She also revealed that some magical advice from her coach Trevor Ward was key to her creating “insane” history as Australia’s youngest Olympic medallist.

With Trew in the bronze medal position before her third and last run, Ward pulled her aside.

“We’ve got some crazy things that we say to each other and I just said the crazy things that we say – skibidi sigma.

“It’s like a joke that I have with all my friends because, like, it’s just, like, sigma is, like, the top.

“A lot of kids nowadays say that a lot.”

Trew captured Australia’s 14th gold medal of the Paris Games with an audacious and daring final run which received the highest score of the competition.

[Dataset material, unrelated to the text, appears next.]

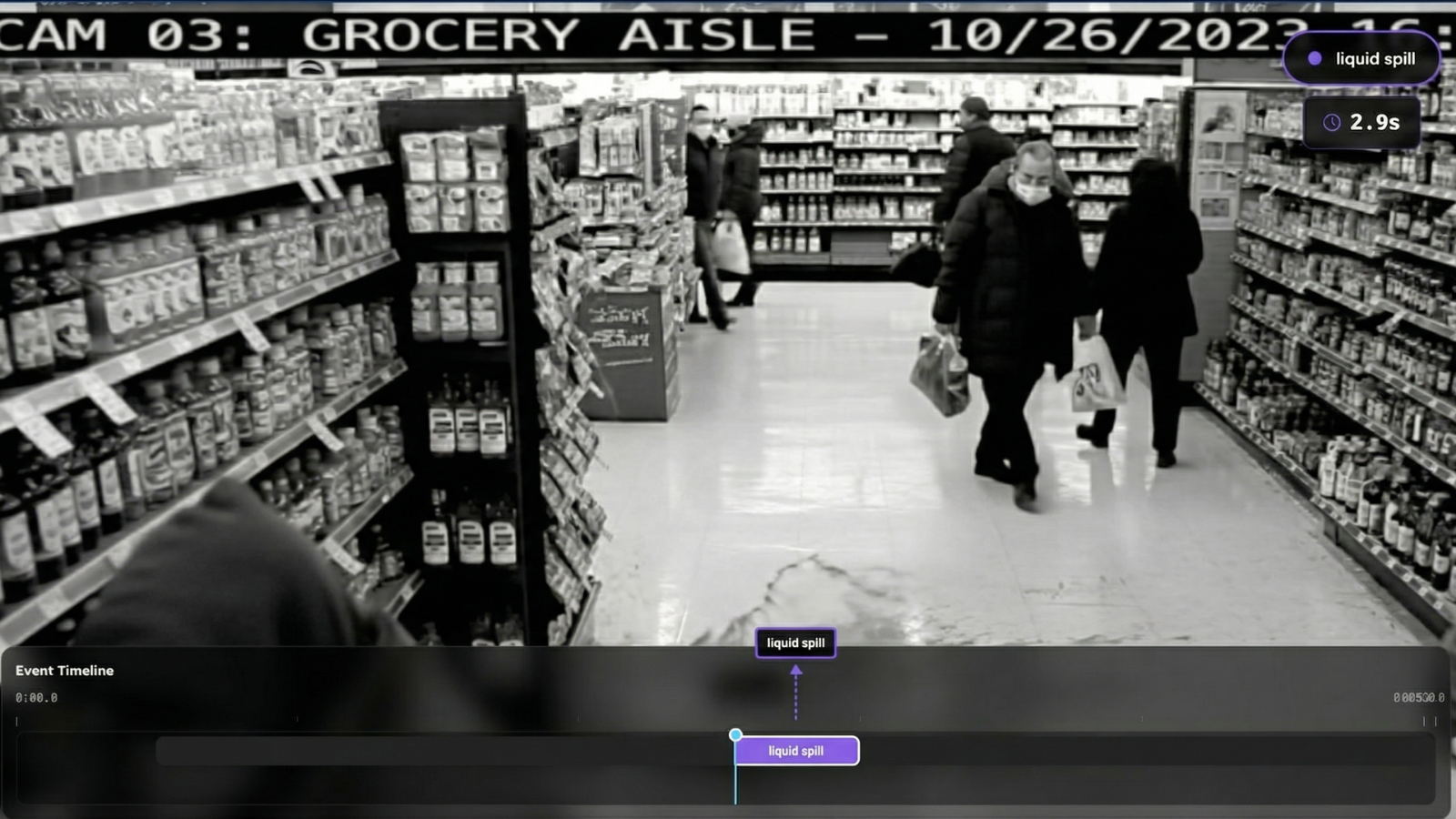Black and white surveillance image of grocery aisle with people walking and a liquid spill on the floor.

Her gold-medal feats followed a shaky qualifying session when the Queensland teen qualified for the final ranked six of the eight skaters.

But her triumph continues an eye-catching stretch of form: she won  Olympic qualifying events in Shanghai and Budapest to punch her ticket to  Paris.

The victory for Trew, who started skateboarding seven years ago, follows her winning this year’s Laureus World Sports Award for Action Sportsperson of the Year.

Last year she became the first female skateboarder to successfully execute a 720 trick, which involves two full rotations, in a competition.

Australia’s youngest Olympian is rower Ian Johnston, who was aged 13 years and 75 days old when he competed in coxed fours at the 1960 Rome Games.